Imported From: https://issues.scala-lang.org/browse/SI-5298?orig=1
Reporter: @Blaisorblade
Affected Versions: 2.9.1

@adriaanm said (edited on Jan 24, 2012 4:04:41 PM UTC):
with Paul's recent experiments of priming type vars with the parameter's bounds, maybe a tweak to how we compute the "direction" in which we solve type vars based on the variance positions in which they occur could suffice for inferring Bar instead of Nothing in code like:

def foo[T <: Bar]: T = ...
foo // Nothing inferred, could infer Bar

@Blaisorblade said (edited on Jan 26, 2012 4:44:04 PM UTC):
Hi,
I don't understand whether fixing that example would also fix the code I reported.
Maybe I'm being dense here, but my code is more similar to:

def foo[A, B <: Traversable[A]](base: B) = null
foo(List(1))

which gives:

<console>:9: error: inferred type arguments [Nothing,List[Int]] do not conform to method foo's type parameter bounds [A,B <: Traversable[A]]
              foo(List(1))
              ^

there, the problem is in deducing A which is on the right of a subtype constraint. Of course, I'm not sure it makes a difference, that's why I'm asking.

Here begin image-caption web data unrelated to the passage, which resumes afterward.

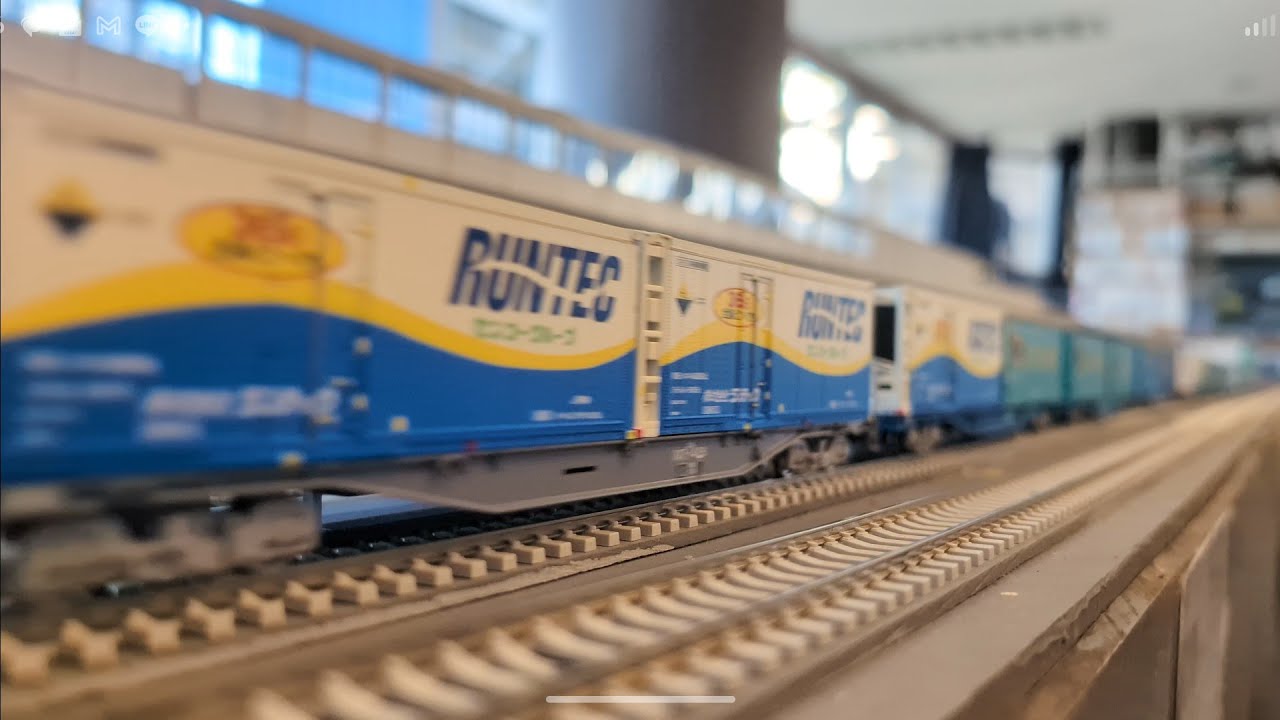 鉄道模型HOゲージ　26両フル編成貨物列車　高速走行23連発!!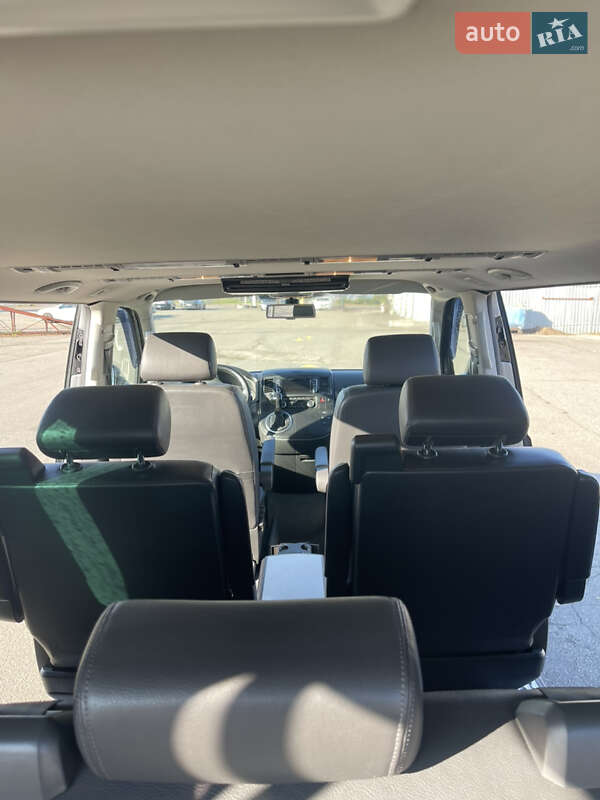 Мінівен Volkswagen Multivan 2010 в Києві фото 11 Мінівен Volkswagen Multivan 2010 в Києві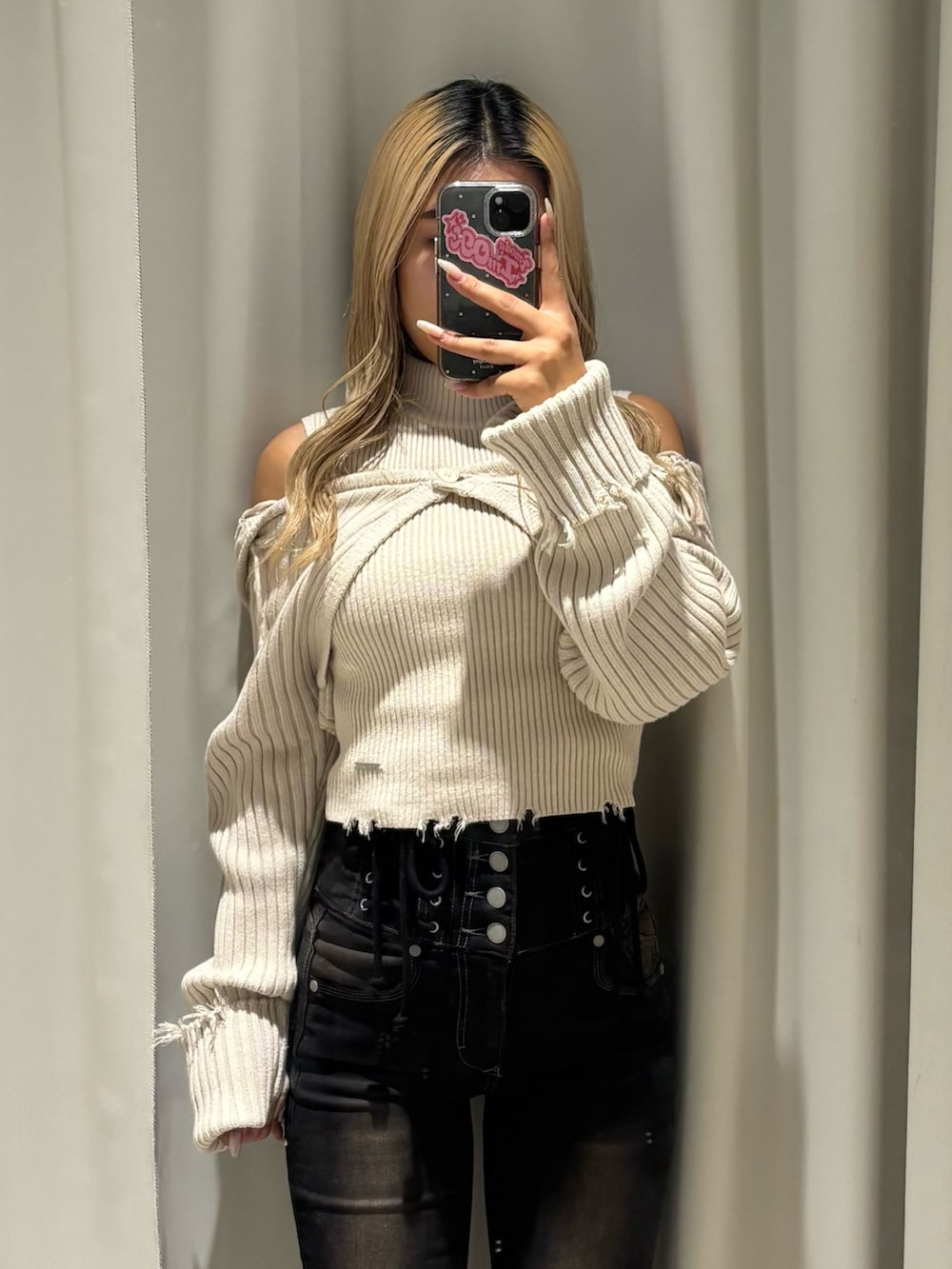 ホワイト系のニット/セーター、ブラック系のデニムパンツ、ブラック系のブーツを着用したレディースの秋コーディネートの4枚目の写真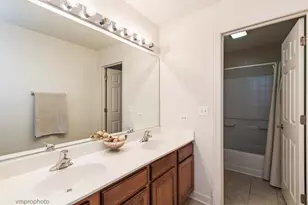 224 Red Oak Ct, Island Lake, IL 60042 - Photo 35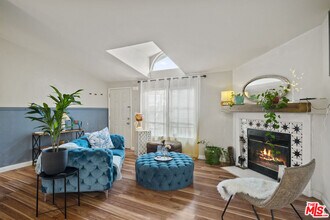 196 Cherokee in Topanga, CA - Building Photo - Building Photo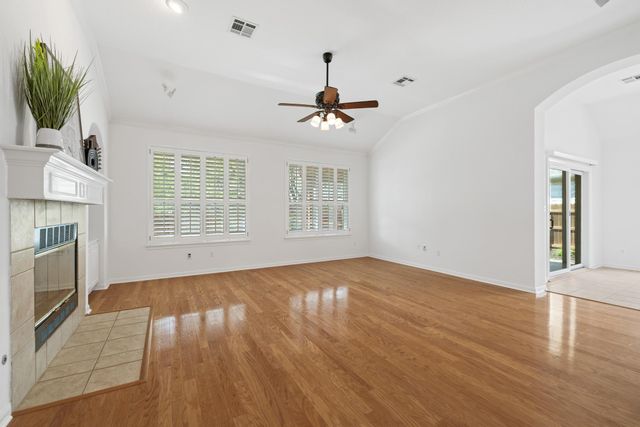 2611 Henley DR, Round Rock, TX 78681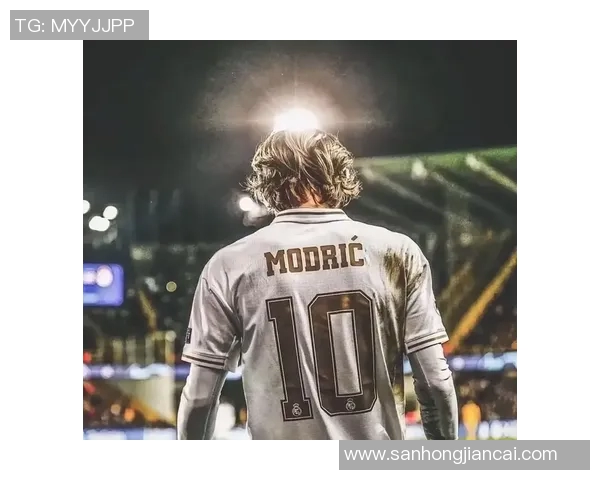 足球传奇风采尽显,球星海报展示足球艺术与激情荣耀 足球传奇风采尽显,球星海报展示足球艺术与激情荣耀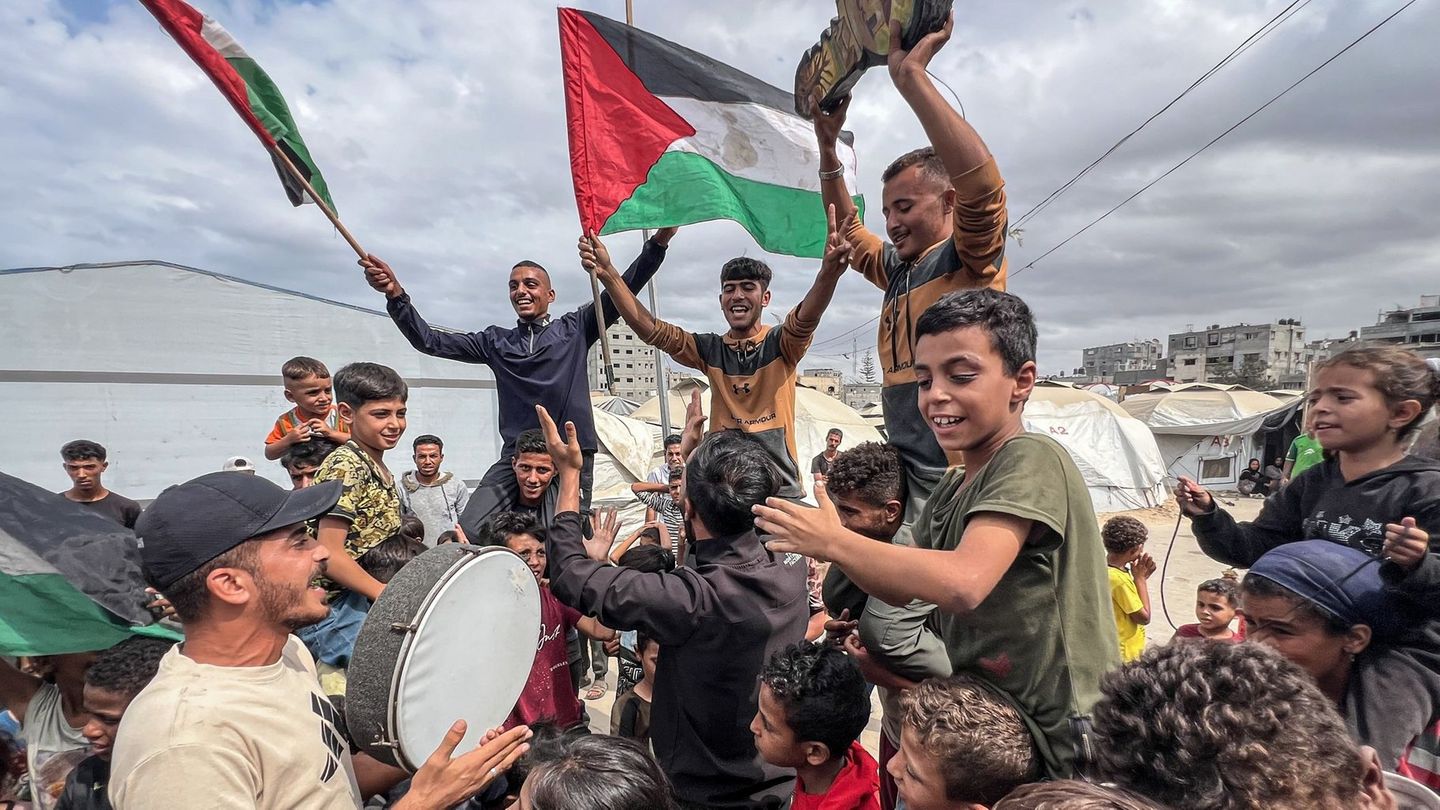 Nach zwei Jahren Krieg wird im Gazastreifen die Einigung auf eine Waffenruhe gefeiert. Foto: Belal Abu Amer/APA Images via ZUMA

Additionally, Scala's specification request that a constraint system be used for local type inference (Sec. 6.26.4), but according to the specification, both this example with foo and the example you posted should be valid - i.e. it seems that an appropriate substitution exists and that a constraint system should be able to find it. Is that strategy actually implemented?

@adriaanm said:
You're right. That's a separate problem. Type vars that depend on other type vars are not supported well. I'm not sure that can be fixed ( without major changes to the algorithm)

@Blaisorblade said:
I see... but am I also right in my suspicion that the implementation doesn't match the spec?
Anyway, I did propose a workaround for the example I suggested, even if I guess it is a hack and it probably has limitations.

@adriaanm said:
Type inference is not spec'ed, essentially. It's also not that easy to improve it without breaking existing code. We are certainly interested in improving it overall, but I hesitate to add an ad-hoc hack for this case. It needs to be an all-encompassing improvement, with assurances about the effect on existing code, understandability,... That's not going to happen right away. It's just too hard, sorry.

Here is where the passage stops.